▸ Task instructions:
Transcribe the records underneath word for word, and leave no line out.

Caption-style text data:
_ _ _ _ _ _ _

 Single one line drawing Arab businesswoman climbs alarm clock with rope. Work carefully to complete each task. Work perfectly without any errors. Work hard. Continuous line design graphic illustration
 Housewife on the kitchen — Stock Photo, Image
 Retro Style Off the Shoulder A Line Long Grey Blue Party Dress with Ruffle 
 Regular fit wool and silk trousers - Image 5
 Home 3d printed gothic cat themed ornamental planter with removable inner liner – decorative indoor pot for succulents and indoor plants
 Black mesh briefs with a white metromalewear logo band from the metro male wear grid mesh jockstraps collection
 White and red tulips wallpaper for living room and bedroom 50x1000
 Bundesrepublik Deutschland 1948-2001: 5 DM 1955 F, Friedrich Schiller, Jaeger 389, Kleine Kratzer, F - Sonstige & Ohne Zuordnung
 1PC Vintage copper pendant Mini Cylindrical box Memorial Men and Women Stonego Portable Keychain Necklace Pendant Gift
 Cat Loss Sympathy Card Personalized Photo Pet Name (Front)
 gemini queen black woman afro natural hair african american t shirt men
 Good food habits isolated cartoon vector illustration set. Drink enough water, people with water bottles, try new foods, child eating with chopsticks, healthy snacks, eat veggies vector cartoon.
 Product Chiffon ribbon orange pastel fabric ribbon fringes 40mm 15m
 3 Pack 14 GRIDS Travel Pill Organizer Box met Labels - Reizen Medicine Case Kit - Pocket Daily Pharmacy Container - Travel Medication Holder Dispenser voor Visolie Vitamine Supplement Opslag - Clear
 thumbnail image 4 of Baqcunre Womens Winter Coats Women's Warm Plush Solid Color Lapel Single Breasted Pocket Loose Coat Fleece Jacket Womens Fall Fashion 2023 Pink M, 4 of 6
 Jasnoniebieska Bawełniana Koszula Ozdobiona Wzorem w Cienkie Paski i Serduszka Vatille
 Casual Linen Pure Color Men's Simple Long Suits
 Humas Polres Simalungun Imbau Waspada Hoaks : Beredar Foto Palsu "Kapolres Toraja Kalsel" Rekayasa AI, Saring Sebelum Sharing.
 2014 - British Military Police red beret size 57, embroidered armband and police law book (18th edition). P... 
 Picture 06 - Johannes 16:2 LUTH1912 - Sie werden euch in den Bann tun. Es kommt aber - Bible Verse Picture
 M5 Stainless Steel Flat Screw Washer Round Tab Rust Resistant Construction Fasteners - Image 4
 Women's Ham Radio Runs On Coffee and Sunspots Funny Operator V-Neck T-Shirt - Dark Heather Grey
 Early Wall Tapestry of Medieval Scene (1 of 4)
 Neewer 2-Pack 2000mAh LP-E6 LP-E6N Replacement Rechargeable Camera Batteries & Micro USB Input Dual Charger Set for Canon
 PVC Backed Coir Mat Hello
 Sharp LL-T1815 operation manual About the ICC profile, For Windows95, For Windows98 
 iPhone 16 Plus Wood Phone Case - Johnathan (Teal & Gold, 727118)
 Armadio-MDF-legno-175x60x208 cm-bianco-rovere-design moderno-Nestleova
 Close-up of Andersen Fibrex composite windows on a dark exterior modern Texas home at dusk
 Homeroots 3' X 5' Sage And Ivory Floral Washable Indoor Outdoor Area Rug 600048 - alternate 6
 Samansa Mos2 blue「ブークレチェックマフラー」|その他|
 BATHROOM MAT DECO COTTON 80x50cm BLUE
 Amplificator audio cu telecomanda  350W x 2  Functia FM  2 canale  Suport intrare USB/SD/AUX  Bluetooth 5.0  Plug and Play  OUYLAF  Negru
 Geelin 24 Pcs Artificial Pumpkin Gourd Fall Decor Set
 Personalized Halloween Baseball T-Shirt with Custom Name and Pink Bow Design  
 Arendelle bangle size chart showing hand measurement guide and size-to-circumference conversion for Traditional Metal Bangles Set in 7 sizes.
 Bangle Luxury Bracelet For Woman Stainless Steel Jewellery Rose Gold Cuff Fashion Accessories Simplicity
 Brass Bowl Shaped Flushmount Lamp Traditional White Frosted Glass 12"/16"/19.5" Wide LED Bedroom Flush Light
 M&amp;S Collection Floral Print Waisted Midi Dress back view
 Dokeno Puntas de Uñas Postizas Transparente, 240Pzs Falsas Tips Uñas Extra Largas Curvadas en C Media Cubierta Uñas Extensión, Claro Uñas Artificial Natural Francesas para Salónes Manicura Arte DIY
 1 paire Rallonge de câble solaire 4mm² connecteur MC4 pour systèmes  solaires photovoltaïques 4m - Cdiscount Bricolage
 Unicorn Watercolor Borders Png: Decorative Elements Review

_ _ _ _ _ _ _

▸ Written response:
 Single one line drawing Arab businesswoman climbs alarm clock with rope. Work carefully to complete each task. Work perfectly without any errors. Work hard. Continuous line design graphic illustration
 Housewife on the kitchen — Stock Photo, Image
 Retro Style Off the Shoulder A Line Long Grey Blue Party Dress with Ruffle 
 Regular fit wool and silk trousers - Image 5
 Home 3d printed gothic cat themed ornamental planter with removable inner liner – decorative indoor pot for succulents and indoor plants
 Black mesh briefs with a white metromalewear logo band from the metro male wear grid mesh jockstraps collection
 White and red tulips wallpaper for living room and bedroom 50x1000
 Bundesrepublik Deutschland 1948-2001: 5 DM 1955 F, Friedrich Schiller, Jaeger 389, Kleine Kratzer, F - Sonstige & Ohne Zuordnung
 1PC Vintage copper pendant Mini Cylindrical box Memorial Men and Women Stonego Portable Keychain Necklace Pendant Gift
 Cat Loss Sympathy Card Personalized Photo Pet Name (Front)
 gemini queen black woman afro natural hair african american t shirt men
 Good food habits isolated cartoon vector illustration set. Drink enough water, people with water bottles, try new foods, child eating with chopsticks, healthy snacks, eat veggies vector cartoon.
 Product Chiffon ribbon orange pastel fabric ribbon fringes 40mm 15m
 3 Pack 14 GRIDS Travel Pill Organizer Box met Labels - Reizen Medicine Case Kit - Pocket Daily Pharmacy Container - Travel Medication Holder Dispenser voor Visolie Vitamine Supplement Opslag - Clear
 thumbnail image 4 of Baqcunre Womens Winter Coats Women's Warm Plush Solid Color Lapel Single Breasted Pocket Loose Coat Fleece Jacket Womens Fall Fashion 2023 Pink M, 4 of 6
 Jasnoniebieska Bawełniana Koszula Ozdobiona Wzorem w Cienkie Paski i Serduszka Vatille
 Casual Linen Pure Color Men's Simple Long Suits
 Humas Polres Simalungun Imbau Waspada Hoaks : Beredar Foto Palsu "Kapolres Toraja Kalsel" Rekayasa AI, Saring Sebelum Sharing.
 2014 - British Military Police red beret size 57, embroidered armband and police law book (18th edition). P... 
 Picture 06 - Johannes 16:2 LUTH1912 - Sie werden euch in den Bann tun. Es kommt aber - Bible Verse Picture
 M5 Stainless Steel Flat Screw Washer Round Tab Rust Resistant Construction Fasteners - Image 4
 Women's Ham Radio Runs On Coffee and Sunspots Funny Operator V-Neck T-Shirt - Dark Heather Grey
 Early Wall Tapestry of Medieval Scene (1 of 4)
 Neewer 2-Pack 2000mAh LP-E6 LP-E6N Replacement Rechargeable Camera Batteries & Micro USB Input Dual Charger Set for Canon
 PVC Backed Coir Mat Hello
 Sharp LL-T1815 operation manual About the ICC profile, For Windows95, For Windows98 
 iPhone 16 Plus Wood Phone Case - Johnathan (Teal & Gold, 727118)
 Armadio-MDF-legno-175x60x208 cm-bianco-rovere-design moderno-Nestleova
 Close-up of Andersen Fibrex composite windows on a dark exterior modern Texas home at dusk
 Homeroots 3' X 5' Sage And Ivory Floral Washable Indoor Outdoor Area Rug 600048 - alternate 6
 Samansa Mos2 blue「ブークレチェックマフラー」|その他|
 BATHROOM MAT DECO COTTON 80x50cm BLUE
 Amplificator audio cu telecomanda  350W x 2  Functia FM  2 canale  Suport intrare USB/SD/AUX  Bluetooth 5.0  Plug and Play  OUYLAF  Negru
 Geelin 24 Pcs Artificial Pumpkin Gourd Fall Decor Set
 Personalized Halloween Baseball T-Shirt with Custom Name and Pink Bow Design  
 Arendelle bangle size chart showing hand measurement guide and size-to-circumference conversion for Traditional Metal Bangles Set in 7 sizes.
 Bangle Luxury Bracelet For Woman Stainless Steel Jewellery Rose Gold Cuff Fashion Accessories Simplicity
 Brass Bowl Shaped Flushmount Lamp Traditional White Frosted Glass 12"/16"/19.5" Wide LED Bedroom Flush Light
 M&amp;S Collection Floral Print Waisted Midi Dress back view
 Dokeno Puntas de Uñas Postizas Transparente, 240Pzs Falsas Tips Uñas Extra Largas Curvadas en C Media Cubierta Uñas Extensión, Claro Uñas Artificial Natural Francesas para Salónes Manicura Arte DIY
 1 paire Rallonge de câble solaire 4mm² connecteur MC4 pour systèmes  solaires photovoltaïques 4m - Cdiscount Bricolage
 Unicorn Watercolor Borders Png: Decorative Elements Review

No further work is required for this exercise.